-- Task details --
Below are the records; copy exactly the stretch from the line containing "Sau Trần Thiên" through the line containing "Fourth view of", both ends included, and nothing else.

[Stored items]
--

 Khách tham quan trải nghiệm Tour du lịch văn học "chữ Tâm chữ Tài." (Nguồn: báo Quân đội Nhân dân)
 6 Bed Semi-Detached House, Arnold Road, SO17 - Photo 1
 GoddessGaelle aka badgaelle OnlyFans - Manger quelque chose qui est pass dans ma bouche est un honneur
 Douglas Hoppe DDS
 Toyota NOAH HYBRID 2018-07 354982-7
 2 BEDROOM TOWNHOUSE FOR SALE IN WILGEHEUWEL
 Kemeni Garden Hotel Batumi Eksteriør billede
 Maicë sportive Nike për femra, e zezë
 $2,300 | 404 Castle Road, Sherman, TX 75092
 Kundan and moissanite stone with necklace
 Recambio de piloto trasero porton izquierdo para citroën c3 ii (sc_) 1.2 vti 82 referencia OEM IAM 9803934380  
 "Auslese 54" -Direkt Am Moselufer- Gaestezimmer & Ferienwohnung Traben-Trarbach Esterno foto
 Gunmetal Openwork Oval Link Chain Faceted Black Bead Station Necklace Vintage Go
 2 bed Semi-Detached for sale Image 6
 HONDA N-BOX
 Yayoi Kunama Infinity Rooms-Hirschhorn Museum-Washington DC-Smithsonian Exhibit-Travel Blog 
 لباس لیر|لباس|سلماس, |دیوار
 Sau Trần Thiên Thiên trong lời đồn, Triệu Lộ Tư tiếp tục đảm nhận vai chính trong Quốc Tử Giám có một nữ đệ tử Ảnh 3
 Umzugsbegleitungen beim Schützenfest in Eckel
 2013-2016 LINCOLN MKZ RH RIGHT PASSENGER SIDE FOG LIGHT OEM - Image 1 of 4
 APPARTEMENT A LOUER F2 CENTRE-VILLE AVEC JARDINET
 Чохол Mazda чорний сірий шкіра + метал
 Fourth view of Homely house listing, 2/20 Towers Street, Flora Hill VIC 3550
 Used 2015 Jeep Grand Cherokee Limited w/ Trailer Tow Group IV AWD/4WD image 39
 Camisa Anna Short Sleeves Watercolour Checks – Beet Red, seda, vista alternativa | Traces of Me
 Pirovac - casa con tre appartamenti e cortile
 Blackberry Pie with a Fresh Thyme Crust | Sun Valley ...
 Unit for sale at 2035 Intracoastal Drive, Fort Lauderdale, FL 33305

--

-- Result of this exercise --
 Sau Trần Thiên Thiên trong lời đồn, Triệu Lộ Tư tiếp tục đảm nhận vai chính trong Quốc Tử Giám có một nữ đệ tử Ảnh 3
 Umzugsbegleitungen beim Schützenfest in Eckel
 2013-2016 LINCOLN MKZ RH RIGHT PASSENGER SIDE FOG LIGHT OEM - Image 1 of 4
 APPARTEMENT A LOUER F2 CENTRE-VILLE AVEC JARDINET
 Чохол Mazda чорний сірий шкіра + метал
 Fourth view of Homely house listing, 2/20 Towers Street, Flora Hill VIC 3550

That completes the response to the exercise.